◆ Listed entries ◆
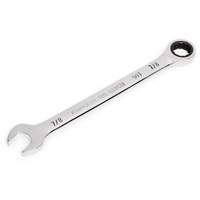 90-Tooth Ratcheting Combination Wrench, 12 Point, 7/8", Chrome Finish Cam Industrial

--

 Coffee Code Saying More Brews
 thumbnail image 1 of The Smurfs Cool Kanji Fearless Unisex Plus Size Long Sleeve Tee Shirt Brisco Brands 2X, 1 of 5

--

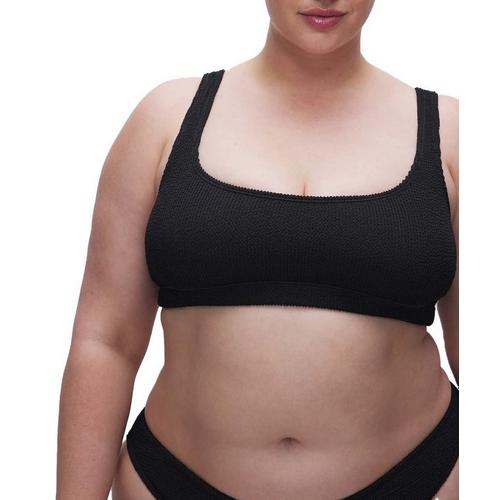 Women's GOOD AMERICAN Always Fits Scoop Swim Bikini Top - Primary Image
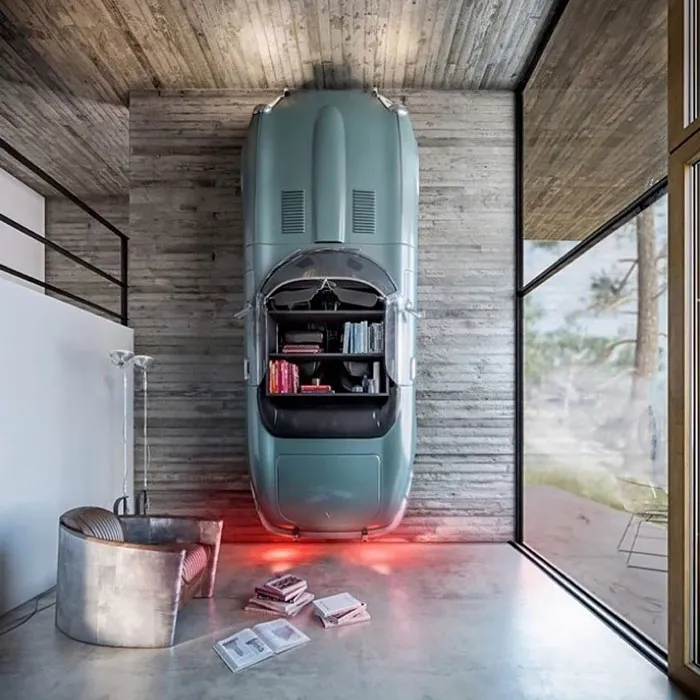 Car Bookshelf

◆ Problem statement ◆
Word for word, restate the lines of the data above that fall between the line holding "Coffee Code Saying More Brews" and the line holding "thumbnail image 1", inclusive, and no other lines.

◆ Result of this task ◆
 Coffee Code Saying More Brews
 thumbnail image 1 of The Smurfs Cool Kanji Fearless Unisex Plus Size Long Sleeve Tee Shirt Brisco Brands 2X, 1 of 5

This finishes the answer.